Siapakah yang seharusnya menjadi penyelenggara Pemilu? Bagaimana kualifikasi sebagai seorang penyelenggara Pemilu? Apa saja penyelenggara Pemilu? Pertanyaan ini dijawab sendiri oleh Prof Jimly. Pertanyaan-pertanyaan tersebut menjadi penting, apalagi di saat seperti sekarang ini Komisi II DPR RI sedang mengalami jalan buntu (deadlock) terkait dengan apakah partai politik dapat menjadi anggota KPU dan Bawaslu. Kedua lembaga ini menurut UU No 22 Tahun 2007 dikualifikasi sebagai lembaga-lembaga penyelenggara Pemilu.
Dengan merujuk ketentuan Pasal 22E ayat (1) UUD 1945, Prof. Jimly menjelaskan dalam makalah yang bertajuk “Peran dan Posisi Pengawas Pemilu Kada dalam Persidangan PHPU Kepala Daerah dan Wakil Kepala Daerah di Mahkamah Konstitusi”. Ditambahkan anggota Dewan Pertimbangan Presiden (Watimpres), bahwa Pemilu dilaksanakan secara langsung, umum, bebas, rahasia, jujur, dan adil setiap lima tahun sekali.

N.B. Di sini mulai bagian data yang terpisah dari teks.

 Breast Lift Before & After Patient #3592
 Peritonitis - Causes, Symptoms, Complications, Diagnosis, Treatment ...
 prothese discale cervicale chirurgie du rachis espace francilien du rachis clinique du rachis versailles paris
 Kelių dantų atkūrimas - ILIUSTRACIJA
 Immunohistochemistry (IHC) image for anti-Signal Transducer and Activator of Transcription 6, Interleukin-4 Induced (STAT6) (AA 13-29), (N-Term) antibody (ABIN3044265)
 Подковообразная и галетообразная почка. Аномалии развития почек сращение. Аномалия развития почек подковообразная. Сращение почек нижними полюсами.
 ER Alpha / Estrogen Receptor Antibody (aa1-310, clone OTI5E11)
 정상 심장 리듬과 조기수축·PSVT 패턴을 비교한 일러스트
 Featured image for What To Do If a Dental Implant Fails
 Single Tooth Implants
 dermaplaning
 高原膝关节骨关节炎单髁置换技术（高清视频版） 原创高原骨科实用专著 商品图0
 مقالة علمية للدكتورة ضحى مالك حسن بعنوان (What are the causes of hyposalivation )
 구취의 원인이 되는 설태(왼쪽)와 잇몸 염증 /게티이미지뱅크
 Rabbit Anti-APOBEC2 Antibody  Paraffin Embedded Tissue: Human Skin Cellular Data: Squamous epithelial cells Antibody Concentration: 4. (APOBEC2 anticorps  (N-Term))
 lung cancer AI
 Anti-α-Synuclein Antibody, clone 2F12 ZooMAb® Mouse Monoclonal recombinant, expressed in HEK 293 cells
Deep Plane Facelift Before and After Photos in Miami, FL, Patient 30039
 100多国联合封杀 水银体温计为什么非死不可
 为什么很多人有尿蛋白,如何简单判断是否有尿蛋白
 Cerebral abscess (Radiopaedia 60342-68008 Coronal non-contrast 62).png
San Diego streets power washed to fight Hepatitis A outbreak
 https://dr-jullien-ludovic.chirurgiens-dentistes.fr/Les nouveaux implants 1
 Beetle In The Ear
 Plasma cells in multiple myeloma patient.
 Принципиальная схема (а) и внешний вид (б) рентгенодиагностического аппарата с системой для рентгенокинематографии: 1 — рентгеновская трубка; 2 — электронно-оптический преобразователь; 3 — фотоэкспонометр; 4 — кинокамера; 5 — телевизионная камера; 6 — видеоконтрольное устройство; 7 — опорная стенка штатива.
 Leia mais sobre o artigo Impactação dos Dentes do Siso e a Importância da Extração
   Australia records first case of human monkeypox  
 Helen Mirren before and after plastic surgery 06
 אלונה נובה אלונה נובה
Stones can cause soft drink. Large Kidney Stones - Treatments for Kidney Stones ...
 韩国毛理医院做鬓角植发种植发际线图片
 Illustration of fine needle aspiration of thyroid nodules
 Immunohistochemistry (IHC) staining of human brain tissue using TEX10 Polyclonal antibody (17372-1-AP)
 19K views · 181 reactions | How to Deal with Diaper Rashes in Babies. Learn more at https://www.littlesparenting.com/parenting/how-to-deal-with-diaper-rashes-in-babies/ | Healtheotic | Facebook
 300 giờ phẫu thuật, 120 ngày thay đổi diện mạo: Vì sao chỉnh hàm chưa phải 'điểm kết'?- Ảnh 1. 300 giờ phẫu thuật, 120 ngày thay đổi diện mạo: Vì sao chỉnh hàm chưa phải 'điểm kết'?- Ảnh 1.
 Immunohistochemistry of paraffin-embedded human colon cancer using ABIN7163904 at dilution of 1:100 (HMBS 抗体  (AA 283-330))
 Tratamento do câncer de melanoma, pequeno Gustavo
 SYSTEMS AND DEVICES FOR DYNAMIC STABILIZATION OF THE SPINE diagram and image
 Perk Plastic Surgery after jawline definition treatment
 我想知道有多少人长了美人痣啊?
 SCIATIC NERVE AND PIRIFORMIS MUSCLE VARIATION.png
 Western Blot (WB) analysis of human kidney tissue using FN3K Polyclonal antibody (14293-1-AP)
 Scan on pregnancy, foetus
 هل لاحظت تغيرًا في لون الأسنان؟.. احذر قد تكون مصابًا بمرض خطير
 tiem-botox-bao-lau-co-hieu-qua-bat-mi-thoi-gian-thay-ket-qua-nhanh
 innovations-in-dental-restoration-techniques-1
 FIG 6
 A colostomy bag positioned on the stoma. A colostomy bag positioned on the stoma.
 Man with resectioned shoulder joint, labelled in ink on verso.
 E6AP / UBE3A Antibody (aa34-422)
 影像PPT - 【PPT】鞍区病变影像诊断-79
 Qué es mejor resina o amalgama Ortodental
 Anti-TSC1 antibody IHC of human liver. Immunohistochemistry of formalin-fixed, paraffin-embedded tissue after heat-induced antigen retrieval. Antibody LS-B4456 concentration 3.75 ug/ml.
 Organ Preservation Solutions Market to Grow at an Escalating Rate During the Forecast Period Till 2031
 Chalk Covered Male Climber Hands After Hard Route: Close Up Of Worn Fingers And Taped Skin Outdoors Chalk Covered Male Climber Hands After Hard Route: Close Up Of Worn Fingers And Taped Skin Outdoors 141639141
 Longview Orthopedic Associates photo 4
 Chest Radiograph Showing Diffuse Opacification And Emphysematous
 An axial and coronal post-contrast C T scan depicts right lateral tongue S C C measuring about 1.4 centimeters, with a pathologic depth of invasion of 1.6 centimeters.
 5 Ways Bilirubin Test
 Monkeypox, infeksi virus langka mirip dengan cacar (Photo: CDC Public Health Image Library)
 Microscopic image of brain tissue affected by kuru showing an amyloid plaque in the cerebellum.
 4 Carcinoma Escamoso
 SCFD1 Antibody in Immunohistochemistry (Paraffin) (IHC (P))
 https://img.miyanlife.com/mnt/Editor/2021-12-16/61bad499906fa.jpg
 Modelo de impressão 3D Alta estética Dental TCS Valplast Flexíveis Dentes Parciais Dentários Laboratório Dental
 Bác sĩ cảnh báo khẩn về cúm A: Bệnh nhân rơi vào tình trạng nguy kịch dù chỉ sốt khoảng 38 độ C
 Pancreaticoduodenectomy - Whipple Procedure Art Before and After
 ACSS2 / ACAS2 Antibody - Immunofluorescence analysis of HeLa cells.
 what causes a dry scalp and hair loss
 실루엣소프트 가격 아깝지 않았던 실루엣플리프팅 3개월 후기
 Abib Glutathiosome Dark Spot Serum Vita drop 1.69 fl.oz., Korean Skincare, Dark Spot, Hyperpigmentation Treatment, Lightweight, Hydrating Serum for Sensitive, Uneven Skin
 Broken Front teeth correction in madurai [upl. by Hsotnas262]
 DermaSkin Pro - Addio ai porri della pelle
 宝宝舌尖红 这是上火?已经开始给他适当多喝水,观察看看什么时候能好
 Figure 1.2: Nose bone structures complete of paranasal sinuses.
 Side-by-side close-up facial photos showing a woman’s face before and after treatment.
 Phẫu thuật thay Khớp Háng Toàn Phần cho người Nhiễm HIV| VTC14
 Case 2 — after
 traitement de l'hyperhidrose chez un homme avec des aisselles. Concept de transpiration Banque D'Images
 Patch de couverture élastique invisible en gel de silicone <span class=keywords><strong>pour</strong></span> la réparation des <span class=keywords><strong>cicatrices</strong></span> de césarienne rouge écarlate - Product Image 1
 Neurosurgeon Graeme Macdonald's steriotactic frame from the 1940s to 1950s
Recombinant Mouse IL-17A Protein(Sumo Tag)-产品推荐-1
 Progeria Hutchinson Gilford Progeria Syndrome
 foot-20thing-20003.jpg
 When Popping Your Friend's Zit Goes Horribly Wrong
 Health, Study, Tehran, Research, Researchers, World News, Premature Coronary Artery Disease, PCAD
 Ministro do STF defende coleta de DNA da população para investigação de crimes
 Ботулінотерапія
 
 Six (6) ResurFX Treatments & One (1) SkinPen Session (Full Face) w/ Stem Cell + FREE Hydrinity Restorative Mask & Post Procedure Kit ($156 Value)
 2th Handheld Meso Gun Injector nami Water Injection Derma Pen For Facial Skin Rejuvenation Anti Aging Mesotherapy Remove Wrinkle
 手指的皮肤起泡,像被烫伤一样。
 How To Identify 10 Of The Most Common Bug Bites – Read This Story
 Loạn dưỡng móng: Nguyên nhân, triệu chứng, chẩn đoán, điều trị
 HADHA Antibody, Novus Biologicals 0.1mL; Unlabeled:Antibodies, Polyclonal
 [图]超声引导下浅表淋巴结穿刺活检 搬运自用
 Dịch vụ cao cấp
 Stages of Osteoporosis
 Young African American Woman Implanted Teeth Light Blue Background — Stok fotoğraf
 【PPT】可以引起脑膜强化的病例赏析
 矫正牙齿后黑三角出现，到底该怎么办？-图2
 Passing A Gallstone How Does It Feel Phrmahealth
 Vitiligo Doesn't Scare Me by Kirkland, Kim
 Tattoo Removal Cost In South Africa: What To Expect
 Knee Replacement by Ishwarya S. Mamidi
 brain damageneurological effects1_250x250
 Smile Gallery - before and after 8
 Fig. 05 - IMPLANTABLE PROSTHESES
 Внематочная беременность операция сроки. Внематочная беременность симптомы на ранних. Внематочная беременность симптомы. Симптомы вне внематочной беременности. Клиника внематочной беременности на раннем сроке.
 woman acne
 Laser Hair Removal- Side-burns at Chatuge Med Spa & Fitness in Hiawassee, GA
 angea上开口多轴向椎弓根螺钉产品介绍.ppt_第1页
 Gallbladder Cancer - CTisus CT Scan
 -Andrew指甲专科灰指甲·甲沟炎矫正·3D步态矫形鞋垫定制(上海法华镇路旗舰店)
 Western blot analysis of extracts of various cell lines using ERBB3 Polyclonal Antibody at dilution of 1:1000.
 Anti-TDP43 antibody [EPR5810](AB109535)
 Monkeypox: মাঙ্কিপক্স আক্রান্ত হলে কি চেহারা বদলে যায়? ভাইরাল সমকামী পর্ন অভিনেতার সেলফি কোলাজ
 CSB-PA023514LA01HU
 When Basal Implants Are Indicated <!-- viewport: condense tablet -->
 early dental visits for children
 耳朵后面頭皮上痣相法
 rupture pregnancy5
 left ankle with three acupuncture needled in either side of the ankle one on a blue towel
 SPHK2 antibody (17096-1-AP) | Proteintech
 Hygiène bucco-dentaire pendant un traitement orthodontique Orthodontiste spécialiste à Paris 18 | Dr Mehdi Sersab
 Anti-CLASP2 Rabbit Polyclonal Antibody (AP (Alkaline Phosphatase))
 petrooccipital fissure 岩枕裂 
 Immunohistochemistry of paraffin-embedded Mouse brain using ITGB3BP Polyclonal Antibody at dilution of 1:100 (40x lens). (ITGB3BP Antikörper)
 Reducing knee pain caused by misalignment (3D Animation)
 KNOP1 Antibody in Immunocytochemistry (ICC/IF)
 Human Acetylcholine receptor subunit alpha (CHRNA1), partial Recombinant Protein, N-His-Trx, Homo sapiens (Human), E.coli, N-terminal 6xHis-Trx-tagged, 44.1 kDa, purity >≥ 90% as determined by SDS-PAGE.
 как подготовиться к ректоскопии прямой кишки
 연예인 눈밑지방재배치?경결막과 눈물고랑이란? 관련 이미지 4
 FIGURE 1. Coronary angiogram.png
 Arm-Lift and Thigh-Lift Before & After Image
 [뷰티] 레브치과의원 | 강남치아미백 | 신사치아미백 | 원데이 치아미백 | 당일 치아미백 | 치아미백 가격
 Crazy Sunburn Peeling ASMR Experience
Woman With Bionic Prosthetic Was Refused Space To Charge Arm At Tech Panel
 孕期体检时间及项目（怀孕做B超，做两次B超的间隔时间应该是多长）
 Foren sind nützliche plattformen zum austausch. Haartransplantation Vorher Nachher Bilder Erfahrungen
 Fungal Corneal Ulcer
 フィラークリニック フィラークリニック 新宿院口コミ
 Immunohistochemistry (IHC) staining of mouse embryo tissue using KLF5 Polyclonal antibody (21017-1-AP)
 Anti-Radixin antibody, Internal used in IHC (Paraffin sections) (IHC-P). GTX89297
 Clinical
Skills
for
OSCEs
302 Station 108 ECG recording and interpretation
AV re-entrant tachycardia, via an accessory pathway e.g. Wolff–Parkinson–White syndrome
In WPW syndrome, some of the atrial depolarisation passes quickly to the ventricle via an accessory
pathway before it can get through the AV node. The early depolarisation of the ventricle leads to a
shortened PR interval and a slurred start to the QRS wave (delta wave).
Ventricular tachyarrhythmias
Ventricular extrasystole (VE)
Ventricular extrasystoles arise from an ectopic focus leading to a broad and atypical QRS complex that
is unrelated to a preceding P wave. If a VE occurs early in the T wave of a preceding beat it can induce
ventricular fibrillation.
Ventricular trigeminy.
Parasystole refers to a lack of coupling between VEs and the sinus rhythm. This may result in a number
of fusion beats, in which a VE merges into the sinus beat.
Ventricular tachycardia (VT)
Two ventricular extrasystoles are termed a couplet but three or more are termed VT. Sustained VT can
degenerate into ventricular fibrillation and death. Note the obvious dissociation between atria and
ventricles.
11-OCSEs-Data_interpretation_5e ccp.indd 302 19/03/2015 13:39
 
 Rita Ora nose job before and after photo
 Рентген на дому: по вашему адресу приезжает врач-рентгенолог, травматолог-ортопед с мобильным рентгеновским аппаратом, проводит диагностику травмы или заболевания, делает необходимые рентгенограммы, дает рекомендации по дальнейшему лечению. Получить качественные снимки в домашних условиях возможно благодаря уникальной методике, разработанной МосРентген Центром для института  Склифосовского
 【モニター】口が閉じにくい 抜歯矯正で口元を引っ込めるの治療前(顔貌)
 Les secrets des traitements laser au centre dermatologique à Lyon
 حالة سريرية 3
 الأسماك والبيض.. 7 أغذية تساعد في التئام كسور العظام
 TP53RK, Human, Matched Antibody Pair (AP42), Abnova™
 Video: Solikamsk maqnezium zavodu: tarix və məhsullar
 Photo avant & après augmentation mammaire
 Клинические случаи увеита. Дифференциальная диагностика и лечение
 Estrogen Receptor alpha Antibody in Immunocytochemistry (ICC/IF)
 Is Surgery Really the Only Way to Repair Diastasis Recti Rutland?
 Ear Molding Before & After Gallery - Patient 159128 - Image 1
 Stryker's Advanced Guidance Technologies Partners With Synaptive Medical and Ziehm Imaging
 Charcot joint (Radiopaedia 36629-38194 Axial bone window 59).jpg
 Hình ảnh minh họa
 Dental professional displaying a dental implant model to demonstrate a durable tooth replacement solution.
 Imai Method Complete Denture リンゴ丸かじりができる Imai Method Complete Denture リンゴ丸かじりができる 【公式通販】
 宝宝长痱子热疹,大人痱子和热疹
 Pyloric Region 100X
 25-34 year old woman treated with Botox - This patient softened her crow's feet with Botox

Dalam Pasal 22E ayat 5 ditentukan pula bahwa ”Pemilihan umum diselenggarakan oleh suatu komisi pemilihan umum yang bersifat nasional, tetap, dan mandiri”. Menurut Putusan MK No. 11/PUU-VIII/2010 tanggal 19 Maret 2010, Bawaslu dimasukkan dalam lembaga penyelenggara Pemilu Bawaslu, yang sama kedudukan, sifat, dan kebutuhannya, sebagaimana ketentuan pasal 22E UUD 1945 tersebut.
“Oleh sebab itu, menurut UUD 1945 penyelenggara Pemilu haruslah suatu komisi yang bersifat, satu nasional karena memiliki jaringan struktur secara nasional, kedua tetap atau permanen karena dibentuk untuk waktu yang relatif lama dan dalam jangka waktu lama, dan ketiga mandiri atau independen. Nah, konteks terakhir inilah merupakan penjelas paling konkret untuk menyatakan bebasnya lembaga penyelenggara Pemilu dari elemen-elemen partisan atau partai politik”, kata anggota Dewan Pertimbangan Presiden (Watimpres) ini.
Kegiatan pembekalan PHPU di MK ini digelar oleh Bawaslu, dalam rangka mempersiapkan segenap anggota Panwaslu bila kelak dimintai sebagai pihak terkait atau pemberi informasi (ad informandum) oleh MK. Kegiatan ini diikuti sebanyak 52 peserta, berasal dari Panwaslu yang belum lama ini menggelar tahapan pemungutan dan penghitungan suara dalam Pemilu Kada. [DW].